Efficient simulation of quantum evolution using dynamical coarse-graining

TL;DR

This paper introduces a new method for efficiently simulating the evolution of specific quantum observables by leveraging a time-scale separation in open-system dynamics, using stochastic nonlinear Schrödinger equations.

Contribution

It proposes a novel coarse-graining scheme that exploits time-scale separation to simulate quantum evolution of observables via open-system dynamics and stochastic equations.

Findings

Time-scale separation enables efficient simulation of quantum observables.

GCS are stable solutions of the stochastic nonlinear Schrödinger equation.
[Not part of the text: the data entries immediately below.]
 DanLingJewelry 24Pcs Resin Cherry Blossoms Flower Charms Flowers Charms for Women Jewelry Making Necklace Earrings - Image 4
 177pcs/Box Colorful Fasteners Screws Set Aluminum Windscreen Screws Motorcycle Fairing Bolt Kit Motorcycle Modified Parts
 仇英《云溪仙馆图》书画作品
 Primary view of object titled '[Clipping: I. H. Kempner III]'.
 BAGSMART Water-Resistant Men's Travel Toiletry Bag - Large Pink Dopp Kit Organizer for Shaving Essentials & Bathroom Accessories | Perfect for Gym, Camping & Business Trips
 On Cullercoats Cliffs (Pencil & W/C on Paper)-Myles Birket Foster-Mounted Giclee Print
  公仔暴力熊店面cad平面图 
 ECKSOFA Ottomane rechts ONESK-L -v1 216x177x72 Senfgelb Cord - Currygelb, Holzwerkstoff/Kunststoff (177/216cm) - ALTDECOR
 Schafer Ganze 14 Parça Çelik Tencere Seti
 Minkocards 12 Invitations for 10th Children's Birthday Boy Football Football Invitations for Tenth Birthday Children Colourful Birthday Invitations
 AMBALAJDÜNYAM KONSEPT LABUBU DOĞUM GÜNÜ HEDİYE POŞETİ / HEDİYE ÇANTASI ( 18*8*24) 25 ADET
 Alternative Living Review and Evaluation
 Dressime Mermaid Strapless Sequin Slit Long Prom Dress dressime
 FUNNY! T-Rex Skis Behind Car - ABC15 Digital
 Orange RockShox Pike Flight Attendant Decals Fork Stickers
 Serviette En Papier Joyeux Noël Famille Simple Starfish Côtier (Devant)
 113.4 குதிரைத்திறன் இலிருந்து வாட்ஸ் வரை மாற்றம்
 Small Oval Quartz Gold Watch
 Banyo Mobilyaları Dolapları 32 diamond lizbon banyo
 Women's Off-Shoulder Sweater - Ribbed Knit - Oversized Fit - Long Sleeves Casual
The method applies to Hamiltonians linear in algebra elements.

Abstract

A novel scheme to simulate the evolution of a restricted set of observables of a quantum system is proposed. The set comprises the spectrum-generating algebra of the Hamiltonian. The idea is to consider a certain open-system evolution, which can be interpreted as a process of weak measurement of the distinguished observables performed on the evolving system of interest. Given that the observables are "classical" and the Hamiltonian is moderately nonlinear, the open system dynamics displays a large time-scales separation between the dephasing of the observables and the decoherence of the evolving state in the basis of the generalized coherent states (GCS), associated with the spectrum-generating algebra. The time scale separation allows the unitary dynamics of the observables to be efficiently simulated by the open-system dynamics on the intermediate time-scale.The simulation employs unraveling of the corresponding master equations into pure state evolutions, governed by the stochastic nonlinear Schroedinger equantion (sNLSE). It is proved that GCS are globally stable solutions of the sNLSE, if the Hamilonian is linear in the algebra elements.